(Data for processing):
■ ■ ■ ■ ■ ■ ■
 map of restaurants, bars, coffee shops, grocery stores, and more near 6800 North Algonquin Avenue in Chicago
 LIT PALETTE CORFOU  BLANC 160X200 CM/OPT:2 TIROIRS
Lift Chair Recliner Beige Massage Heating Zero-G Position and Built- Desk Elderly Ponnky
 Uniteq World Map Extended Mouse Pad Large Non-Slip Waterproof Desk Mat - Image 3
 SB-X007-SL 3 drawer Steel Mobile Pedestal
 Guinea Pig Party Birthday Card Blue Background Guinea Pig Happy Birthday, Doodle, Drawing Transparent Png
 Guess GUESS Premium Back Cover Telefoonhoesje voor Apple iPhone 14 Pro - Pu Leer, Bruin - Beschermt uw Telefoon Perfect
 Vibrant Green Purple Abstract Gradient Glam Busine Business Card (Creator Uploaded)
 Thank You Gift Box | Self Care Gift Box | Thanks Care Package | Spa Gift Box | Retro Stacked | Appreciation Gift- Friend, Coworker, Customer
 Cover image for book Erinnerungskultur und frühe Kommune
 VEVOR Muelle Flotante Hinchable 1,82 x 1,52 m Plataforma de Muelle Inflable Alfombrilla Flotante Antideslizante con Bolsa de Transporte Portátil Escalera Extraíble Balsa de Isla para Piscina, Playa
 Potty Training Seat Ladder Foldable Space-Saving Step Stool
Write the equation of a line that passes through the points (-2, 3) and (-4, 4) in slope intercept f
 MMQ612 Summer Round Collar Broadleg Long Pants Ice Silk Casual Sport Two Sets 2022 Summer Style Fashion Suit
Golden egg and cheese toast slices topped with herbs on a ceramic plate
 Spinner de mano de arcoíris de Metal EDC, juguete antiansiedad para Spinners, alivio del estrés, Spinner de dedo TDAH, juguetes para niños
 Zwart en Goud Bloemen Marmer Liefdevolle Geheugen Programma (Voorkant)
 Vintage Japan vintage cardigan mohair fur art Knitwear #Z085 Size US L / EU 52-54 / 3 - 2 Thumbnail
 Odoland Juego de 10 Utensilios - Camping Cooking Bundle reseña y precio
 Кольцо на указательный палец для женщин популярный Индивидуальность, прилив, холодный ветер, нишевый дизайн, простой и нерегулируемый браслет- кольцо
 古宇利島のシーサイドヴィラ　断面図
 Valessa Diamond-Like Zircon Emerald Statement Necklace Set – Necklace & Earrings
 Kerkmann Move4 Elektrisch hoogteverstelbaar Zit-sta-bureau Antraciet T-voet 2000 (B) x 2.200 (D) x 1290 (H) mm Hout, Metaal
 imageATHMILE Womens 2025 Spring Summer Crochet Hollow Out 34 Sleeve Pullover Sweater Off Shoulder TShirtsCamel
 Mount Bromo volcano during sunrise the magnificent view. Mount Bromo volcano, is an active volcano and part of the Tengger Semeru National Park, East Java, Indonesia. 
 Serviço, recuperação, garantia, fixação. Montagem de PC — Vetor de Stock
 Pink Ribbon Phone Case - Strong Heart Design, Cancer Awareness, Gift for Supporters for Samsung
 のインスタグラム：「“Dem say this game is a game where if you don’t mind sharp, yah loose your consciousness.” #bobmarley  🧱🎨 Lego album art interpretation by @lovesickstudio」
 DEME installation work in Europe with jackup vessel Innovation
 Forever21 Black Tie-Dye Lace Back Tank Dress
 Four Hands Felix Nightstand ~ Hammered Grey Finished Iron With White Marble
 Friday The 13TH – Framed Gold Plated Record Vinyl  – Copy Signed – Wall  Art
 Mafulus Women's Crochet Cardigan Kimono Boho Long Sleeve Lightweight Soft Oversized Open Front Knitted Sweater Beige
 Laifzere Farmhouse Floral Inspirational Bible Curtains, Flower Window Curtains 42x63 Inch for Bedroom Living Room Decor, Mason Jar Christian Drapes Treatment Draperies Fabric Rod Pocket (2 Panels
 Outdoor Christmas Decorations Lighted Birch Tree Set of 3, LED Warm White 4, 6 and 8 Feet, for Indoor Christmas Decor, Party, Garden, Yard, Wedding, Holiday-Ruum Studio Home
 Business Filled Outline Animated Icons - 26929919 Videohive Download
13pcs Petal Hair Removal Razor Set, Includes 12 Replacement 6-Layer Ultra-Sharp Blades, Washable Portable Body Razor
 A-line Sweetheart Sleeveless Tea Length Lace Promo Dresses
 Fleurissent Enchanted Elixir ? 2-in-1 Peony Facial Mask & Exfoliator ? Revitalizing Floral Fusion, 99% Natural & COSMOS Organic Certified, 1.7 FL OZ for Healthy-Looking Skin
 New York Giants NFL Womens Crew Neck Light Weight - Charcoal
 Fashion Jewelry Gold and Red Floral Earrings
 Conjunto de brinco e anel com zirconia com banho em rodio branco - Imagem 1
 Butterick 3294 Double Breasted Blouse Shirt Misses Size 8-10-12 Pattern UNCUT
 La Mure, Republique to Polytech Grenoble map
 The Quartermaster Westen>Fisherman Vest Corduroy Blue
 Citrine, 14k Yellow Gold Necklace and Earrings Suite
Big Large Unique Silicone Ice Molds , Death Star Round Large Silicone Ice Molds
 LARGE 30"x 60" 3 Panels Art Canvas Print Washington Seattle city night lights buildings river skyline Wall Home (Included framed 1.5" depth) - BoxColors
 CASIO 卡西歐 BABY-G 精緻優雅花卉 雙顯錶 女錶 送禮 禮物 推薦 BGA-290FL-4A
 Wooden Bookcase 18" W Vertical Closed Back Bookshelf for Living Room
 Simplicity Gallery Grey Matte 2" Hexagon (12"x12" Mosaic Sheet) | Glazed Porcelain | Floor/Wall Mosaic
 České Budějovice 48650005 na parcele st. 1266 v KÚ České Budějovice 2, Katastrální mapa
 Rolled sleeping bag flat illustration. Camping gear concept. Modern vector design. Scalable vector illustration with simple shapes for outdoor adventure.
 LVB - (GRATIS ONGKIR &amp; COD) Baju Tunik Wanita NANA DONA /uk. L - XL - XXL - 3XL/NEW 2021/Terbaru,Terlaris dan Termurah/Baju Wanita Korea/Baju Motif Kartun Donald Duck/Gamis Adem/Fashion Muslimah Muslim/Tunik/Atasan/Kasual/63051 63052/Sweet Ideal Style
■ ■ ■ ■ ■ ■ ■
(How to complete this task): There is a line with "Friday The 13TH" and a line with "A-line Sweetheart Sleeveless" above. Copy exactly those two lines and all lines between them, with nothing else.

(Problem solution):
 Friday The 13TH – Framed Gold Plated Record Vinyl  – Copy Signed – Wall  Art
 Mafulus Women's Crochet Cardigan Kimono Boho Long Sleeve Lightweight Soft Oversized Open Front Knitted Sweater Beige
 Laifzere Farmhouse Floral Inspirational Bible Curtains, Flower Window Curtains 42x63 Inch for Bedroom Living Room Decor, Mason Jar Christian Drapes Treatment Draperies Fabric Rod Pocket (2 Panels
 Outdoor Christmas Decorations Lighted Birch Tree Set of 3, LED Warm White 4, 6 and 8 Feet, for Indoor Christmas Decor, Party, Garden, Yard, Wedding, Holiday-Ruum Studio Home
 Business Filled Outline Animated Icons - 26929919 Videohive Download
13pcs Petal Hair Removal Razor Set, Includes 12 Replacement 6-Layer Ultra-Sharp Blades, Washable Portable Body Razor
 A-line Sweetheart Sleeveless Tea Length Lace Promo Dresses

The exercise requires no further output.